We recently discovered that the anti-glaucoma pharmaceuticals timolol, a β adrenergic antagonist, and pilocarpine, a cholinergic compound, negatively influence the morphology, proliferative capacity and survival of human meibomian gland epithelial cells (HMGECs). We hypothesize that another class of anti-glaucoma drugs, the α2 adrenergic agonists, also acts directly on HMGECs to affect their structure and function. We tested this hypothesis.

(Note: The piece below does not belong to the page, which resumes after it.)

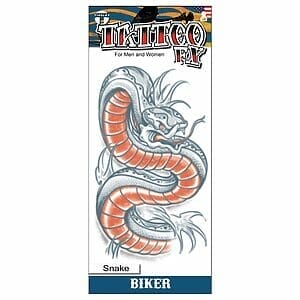 Snake - Biker Temporary Tattoo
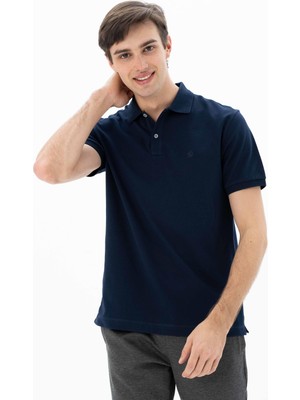 Ar-ma Erkek Polo Yaka Tişört Baskisiz Basic Regular Fit Tek Toplama Licrali Pike Y25374302501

Immortalized (i) HMGECs were cultured with brimonidine, as well as clonidine (α2 agonist), phenylephrine (α1 agonist), RX821002 (inverse α2 agonist) and MK912 (neutral α2 agonist) for up to 7 days. Cells were counted with a hemocytometer, and evaluated for morphology, signaling pathway activity, protein biomarker expression, and the accumulation of neutral lipids, phospholipids and lysosomes. Our findings demonstrate that brimondine treatment induces a dose-dependent decrease in Akt signaling and proliferation of iHMGECs. In contrast, brimonidine also promotes a dose-dependent differentiation of iHMGECs, including an increase in neutral lipid, phospholipid and lysosome levels. These effects were paralleled by an inhibition of p38 signaling, and duplicated by cellular exposure to clonidine, but not phenylephrine. Brimonidine also enhanced the cellular content of sterol regulatory binding protein-1, a master regulator of lipid synthesis. Of particular interest, the putative α2 antagonists, RX821002 and MK912, did not interfere with brimonidine action, but rather stimulated IHMGEC differentiation. Our results support our hypothesis and demonstrate that α2 adrenergic agonists act directly on iHMGECs. However, these compounds do not elicit an overall negative effect. Rather, the α2 agonists promote the differentiation of iHMGECs.